Language and oral traditions also play an important role. Because the Zo people lacked an early unified script or press, nationalist ideas were often spread by mouth and ear. Beyond songs, folklore and oral histories have been retold to emphasize a common past. After India’s independence, tribal leaders composed new jal (traditional chants) in honor of fallen heroes and martyrs, and Zomi history was preserved in village elders’ stories. Some elders of Mizoram’s Young Lushai Association in the 1950s spoke of a legendary migration from a place called "Chhinlung" or "Shinlung"; this myth has been used by modern Zomi nationalists as the cradle of all Zo tribes. While some members of Zo communites regard the tradition as a constructed myth, others argue it is a source of shared identity and pride. Today there is no single "Zo language"—the Mizo language functions as a regional lingua franca, and many students of Kuki-Chin origin learn it in school.

== Diaspora and international advocacy ==
Outside the Zo homelands, diaspora communities and international forums have carried the Zo message. In the United States, United Kingdom, and elsewhere, thousands of Chin/Zomi have resettled as refugees or migrants. Zomi associations are active in Aizawl (Mizoram), Pune and Bangalore (India), and New York and California (USA), often tied to churches. These diaspora networks exchange information and campaign for Zo rights.

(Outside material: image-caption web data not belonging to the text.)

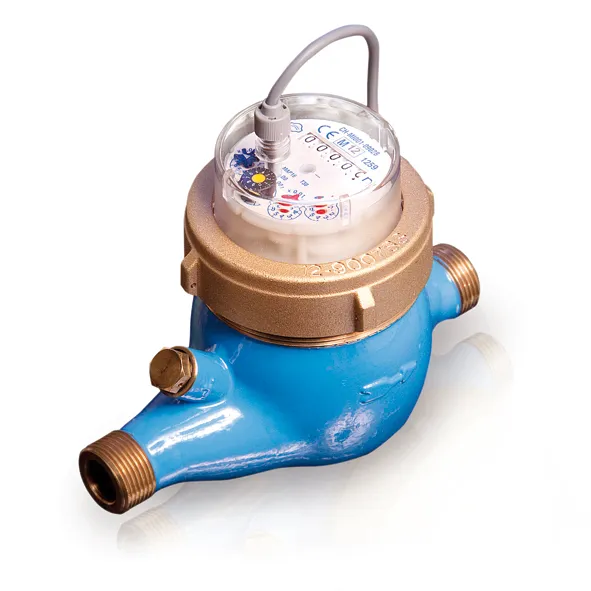fantini-cosmi-eccf-gma-compteur-volum-trique-eau-froide-sanitaire image 1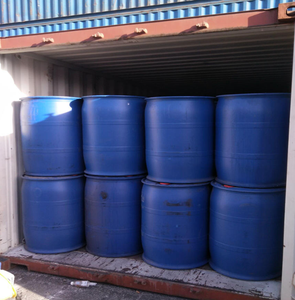 Excelente Rendimiento Hidratante, <span class=keywords><strong>Glicerina</strong></span> Vegetal Líquida Transparente de Alta Pureza (99.7%), CAS 56-81-5, para la Industria Alimentaria - Product Image 6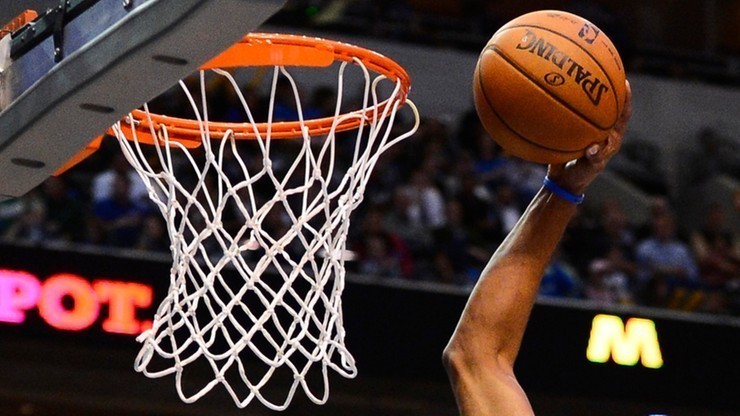 NBA: Williams wraca do gry po kwarantannie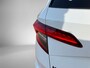 Skoda Karoq 1.5TSI/150PK ACT Sportline Business · Trekhaak · Camera · Stoelverwarming · Apple/Android Car Play · Navigatie ·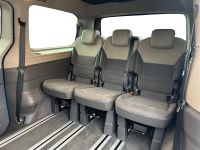 Volkswagen T7 California - Vorschau Bild 11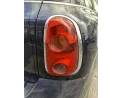 Pare boue avant droit MINI MINI 2 R60 COUNTRYMAN BREAK Diesel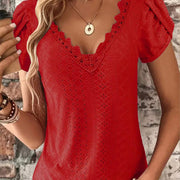 //img.ltwebstatic.com/v4/j/spmp/2025/05/23/ce/1747978447c05af7bf3098809f5a4081f1f612b543_thumbnail_900x.webp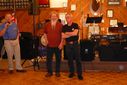 VetsDinner20152015_1111_203208.jpg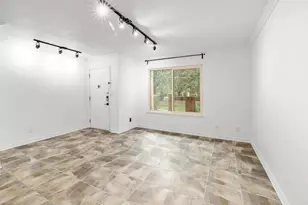 9534 Quail Village Ln, Austin, TX 78758 - Photo 6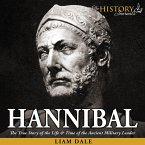 Hannibal (MP3-Download)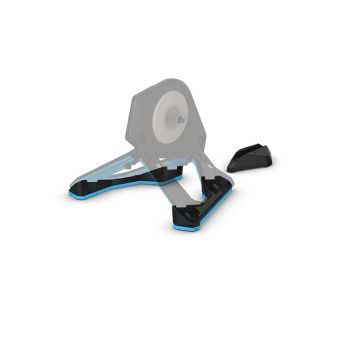 Tacx Neo Motion Plate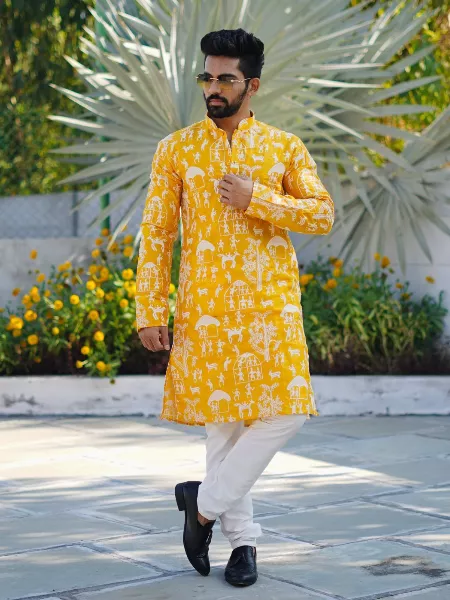 Kurtas Male Lehenga Choli Salwar Suit - Buy Kurtas Male Lehenga Choli  Salwar Suit online in India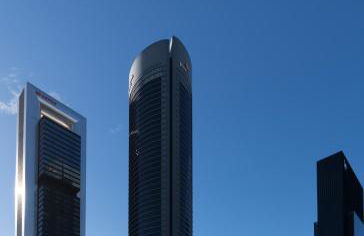 Lujo en Las 4 Torres! Business Area - Photo 4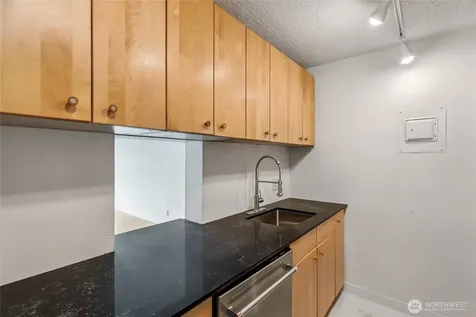 308 E Republican Street Seattle WA 98102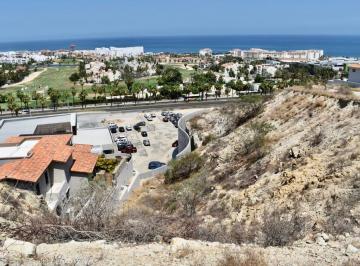 Terreno / Lote · 621m² · 16 Hacienda La Herradura, 16 La Cima - (4)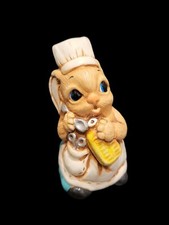 Woodlander Moorcraft NURSE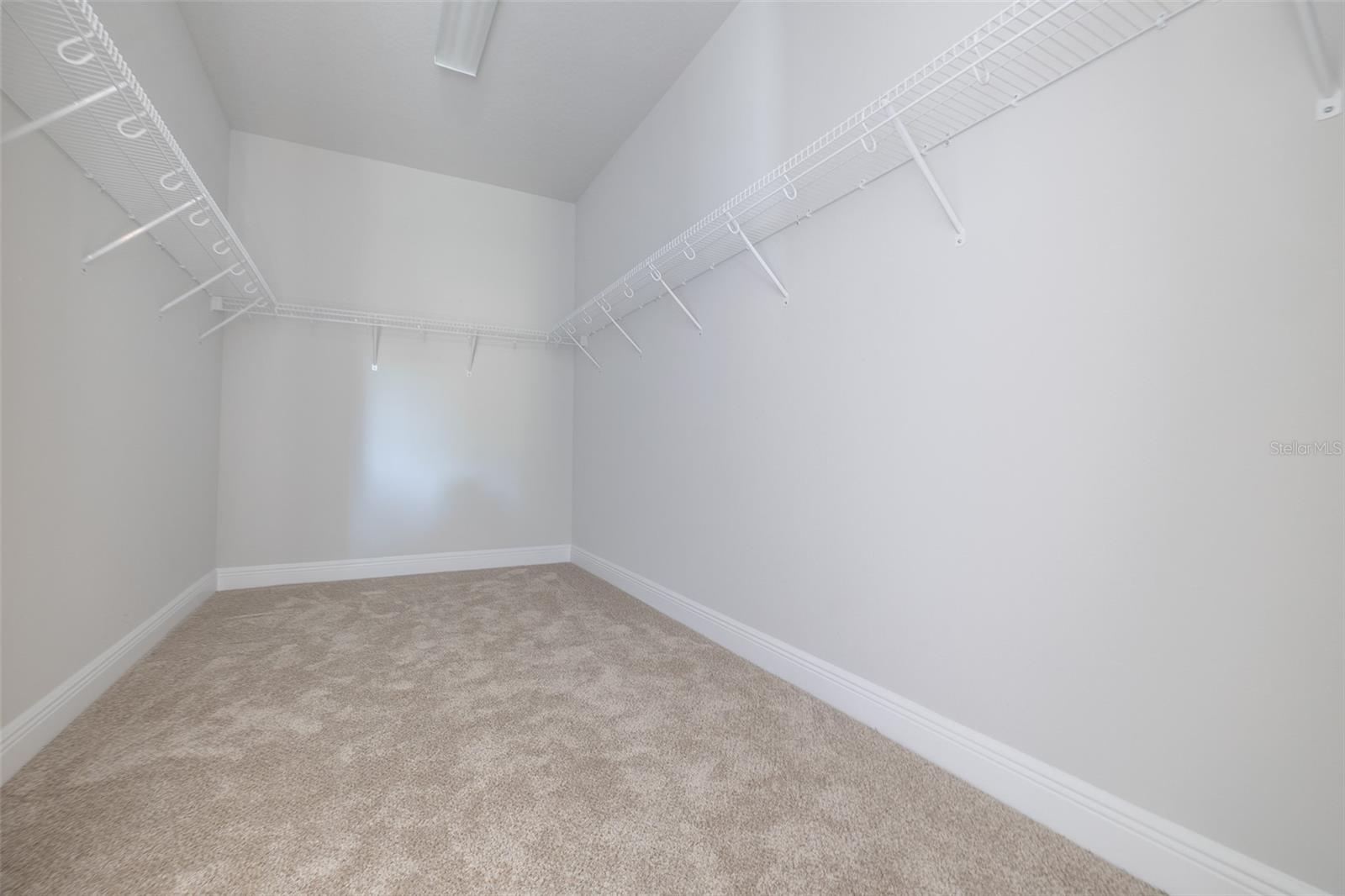 FISHHAWK RANCH WEST PH 3B - Residential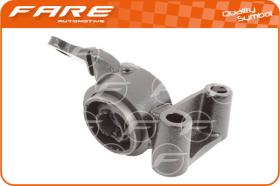 FARE 16017 - SIL.EJE DEL.DER.MINI COOPER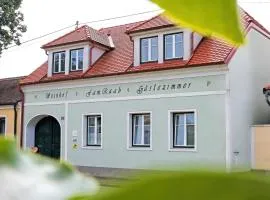 Weinhof Gregor Raab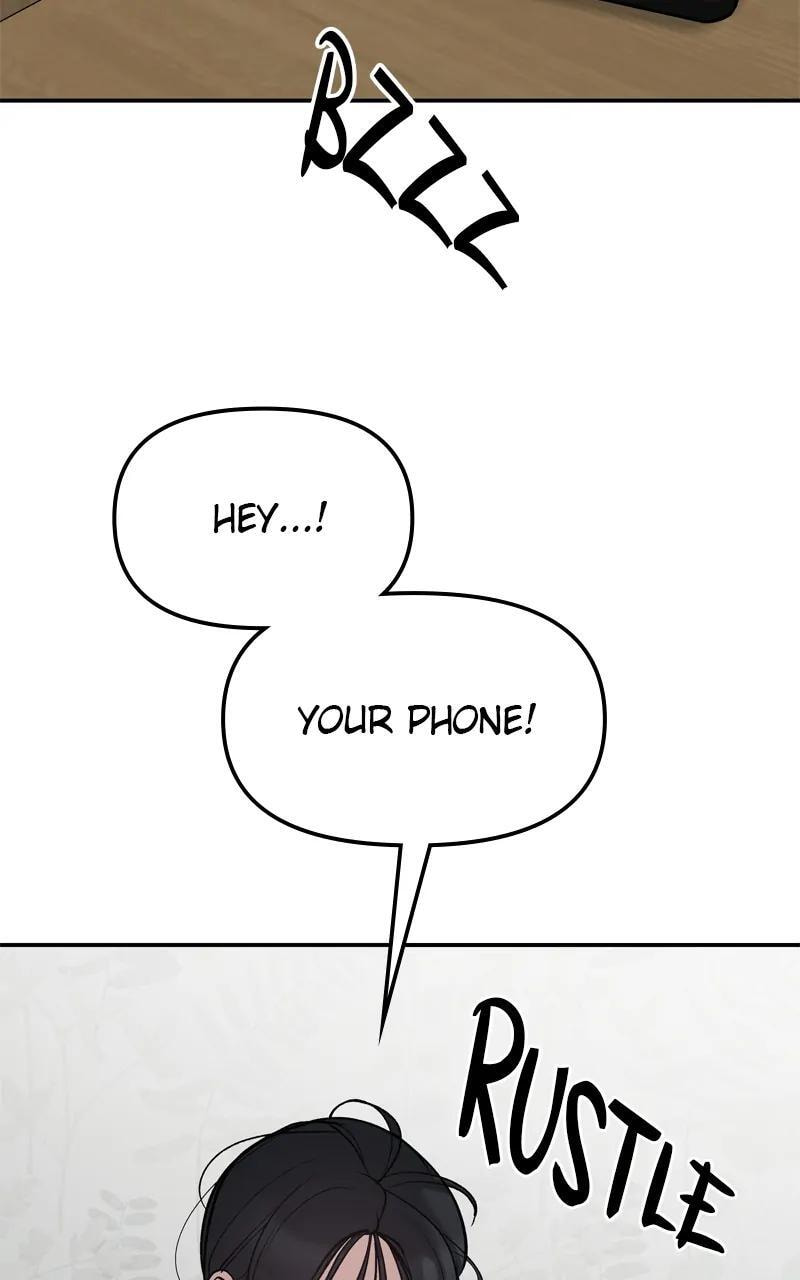 Designated Bully Chapter 77 page 148 -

The United Nations has been a notable venue: as mentioned, ZORO delegates have briefed UN bodies multiple times. In 2008, ZORO’s spokesman Chhunthang Sangchia told the UN Permanent Forum that Zo people were "scattered" and needed institutional support (a university, a standardized language). ZORO also reports to the UN Working Group on Indigenous Populations. Similarly, Chin community organizations in countries like India and Thailand lobby for international awareness of Chin/Zomi issues. While no major foreign government publicly backs Zo nationalism, advocacy work has kept Zo grievances on the global map of indigenous rights.